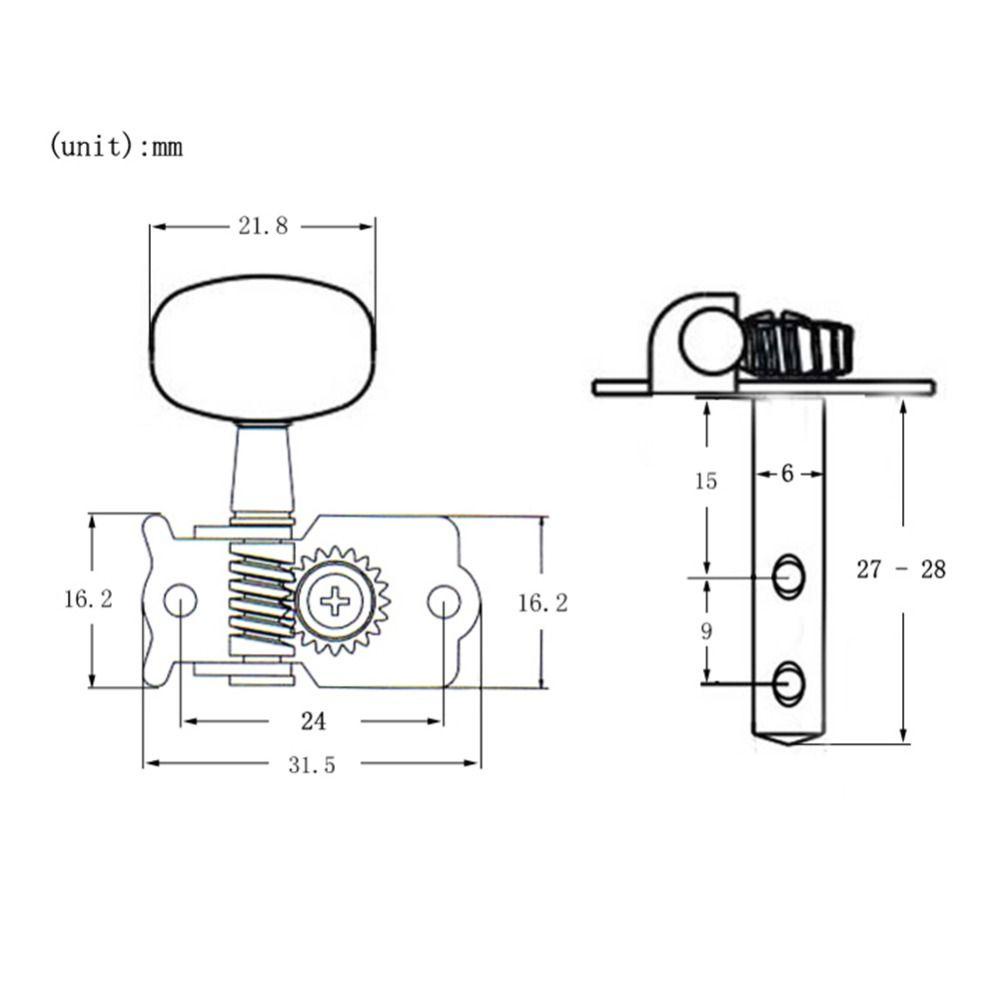 Nickolas1 Pasak Tuner Gitar Akustik Tombol Oval Akustik Folk Tuners Keys Tuning Knob String Axis Upper Winding Mechanism Bagian Gitar Tombol Senar Gitar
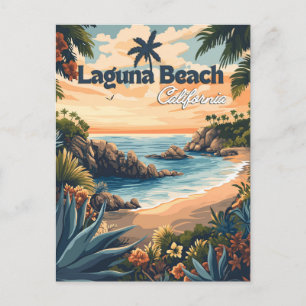 Vintage Laguna Beach Kalifornien Postkarte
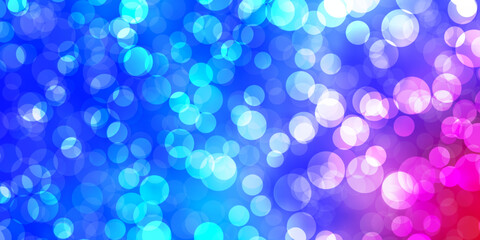 Light Blue, Red vector background with spots.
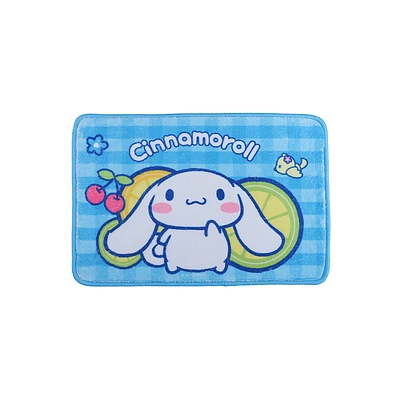 Tapete Decorativo Sanrio Cinnamoroll Poliéster Azul 60x40 Cm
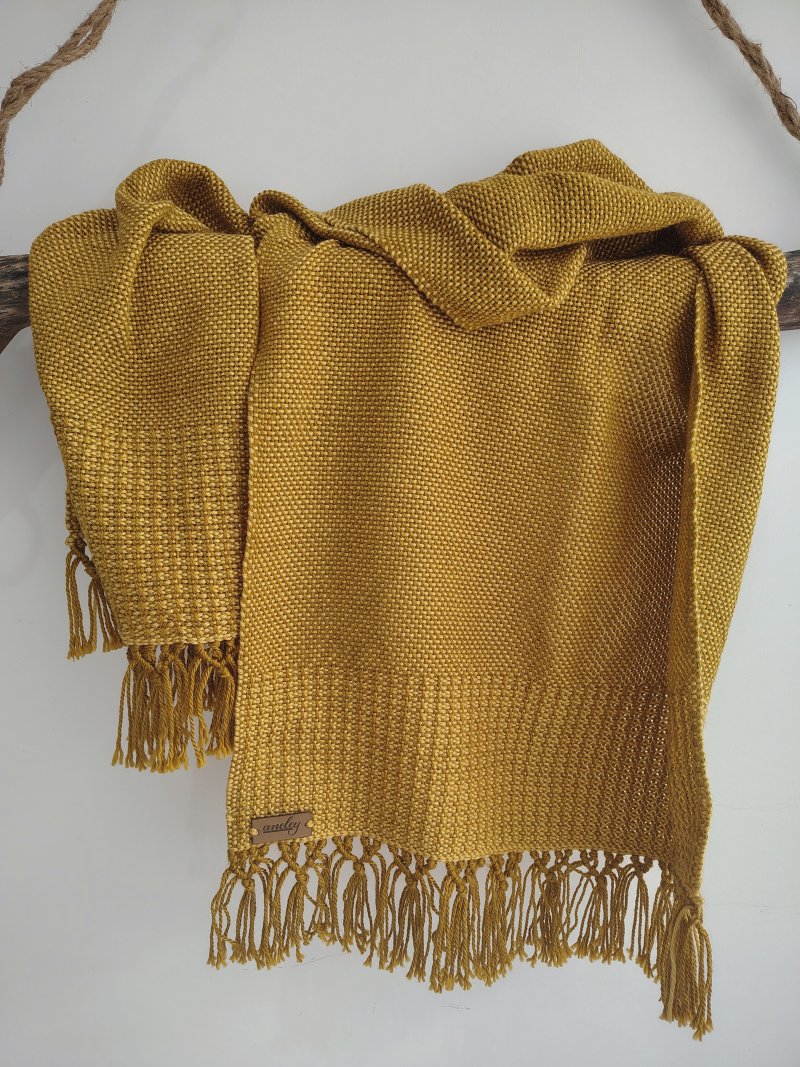 Pashminas tejidas en telar Choz artesanales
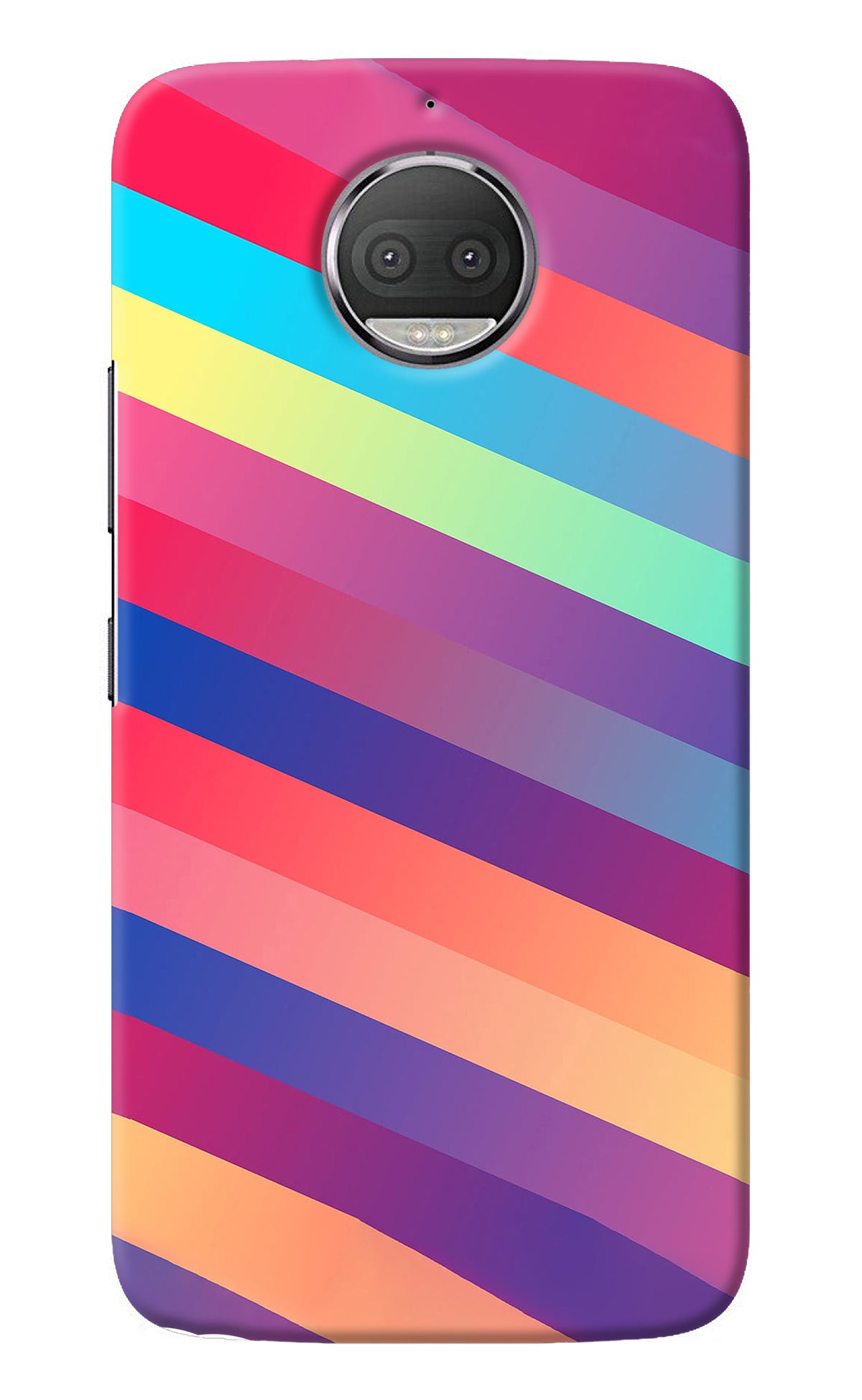 Stripes color Moto G5S plus Back Cover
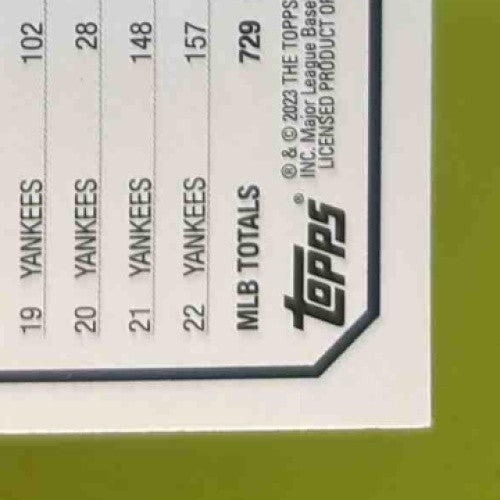 2023 Topps Aaron Judge #62 New York Yankees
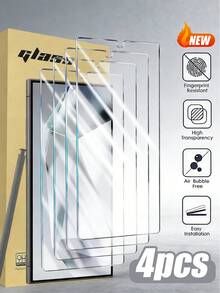 Bộ 4 miếng dán màn hình cường lực, dễ lắp đặt, độ phân giải cao, chống trầy xước, chống vỡ, tương thích với Samsung Galaxy S26 Ultra/S26/S26 Plus/S24/S24plus/S24ultra/S25/S25plus/S25ultra/S23 Ultra/S23/S23 Plus/S23FE/S24FE/S22 Ultra/S22/S22 Plus/S21 Ultra/S21/S21 Plus/S21 FE/S20 Ultra/S20FE/A55/A54/A53/A17/A16/A15. Sản phẩm bảo vệ màn hình thiết yếu, thích hợp sử dụng hàng ngày, văn phòng, nhà. Phụ kiện điện thoại: Chống nước, chống sốc, chống rơi, chống trầy xước. - Trong sáng - Xem 47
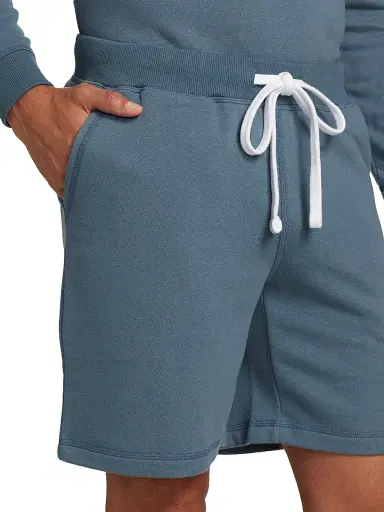 Saks Fifth Avenue Men's COLLECTION Drawstring Pajama Sweatshort - Medium Blue | Thumbnail 6 Saks Fifth Avenue Men's COLLECTION Drawstring Pajama Sweatshort - Medium Blue | Thumbnail 6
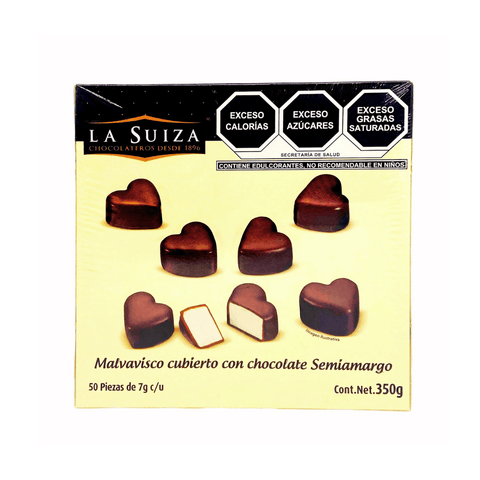 La Suiza Malvavisco con Chocolate Corazón 350g - Santo dulce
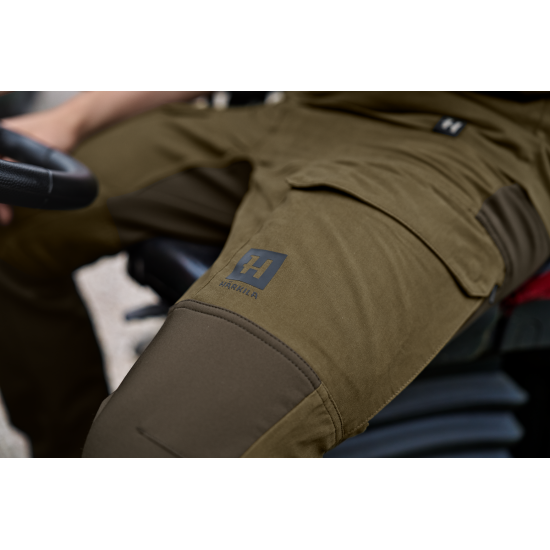 Spodnie Harkila Scandinavian Dark olive/Willow green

**********

Problem details =>
Repeat the exact lines from the first line of the data through the line containing "2023 Topps Aaron Judge #62 New York Yankees". Nothing else, no pictures.

Written solution =>
 Nickolas1 Pasak Tuner Gitar Akustik Tombol Oval Akustik Folk Tuners Keys Tuning Knob String Axis Upper Winding Mechanism Bagian Gitar Tombol Senar Gitar
 Vintage Laguna Beach Kalifornien Postkarte
 Light Blue, Red vector background with spots.
 Tapete Decorativo Sanrio Cinnamoroll Poliéster Azul 60x40 Cm
 Pashminas tejidas en telar Choz artesanales
 Stripes color Moto G5S plus Back Cover
 2023 Topps Aaron Judge #62 New York Yankees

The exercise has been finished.